(How to complete this task) Would you repeat the listing below exactly, with no pictures in it?

(Information supplied)
......
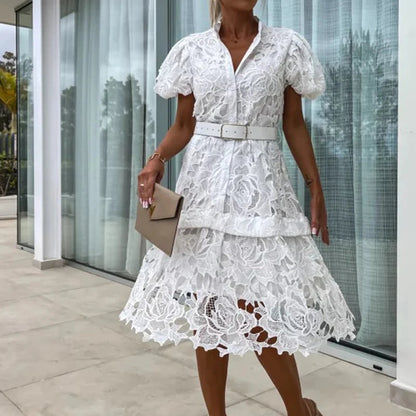 Floral Lace Puff Sleeve Belted Tiered Scallop Hem Mini Dress
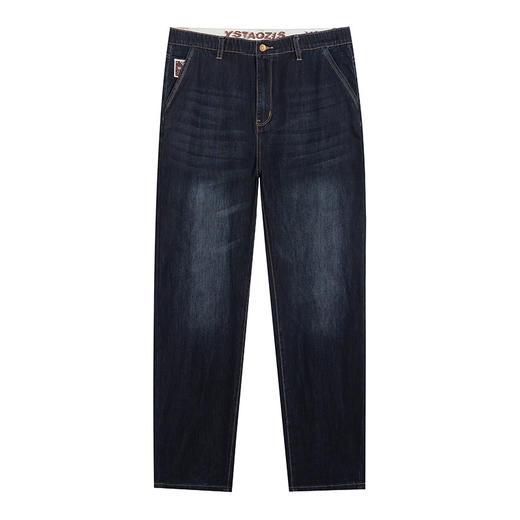 【DMH】大码男装薄款牛仔裤休闲百搭宽松洗水磨白松紧腰直筒长裤子男下装春夏新款 商品图4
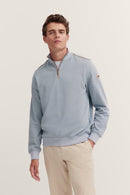 Troyer Zip Sweatshirt - Light Blue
......
(Written reply)
 Floral Lace Puff Sleeve Belted Tiered Scallop Hem Mini Dress
 【DMH】大码男装薄款牛仔裤休闲百搭宽松洗水磨白松紧腰直筒长裤子男下装春夏新款 商品图4
 Troyer Zip Sweatshirt - Light Blue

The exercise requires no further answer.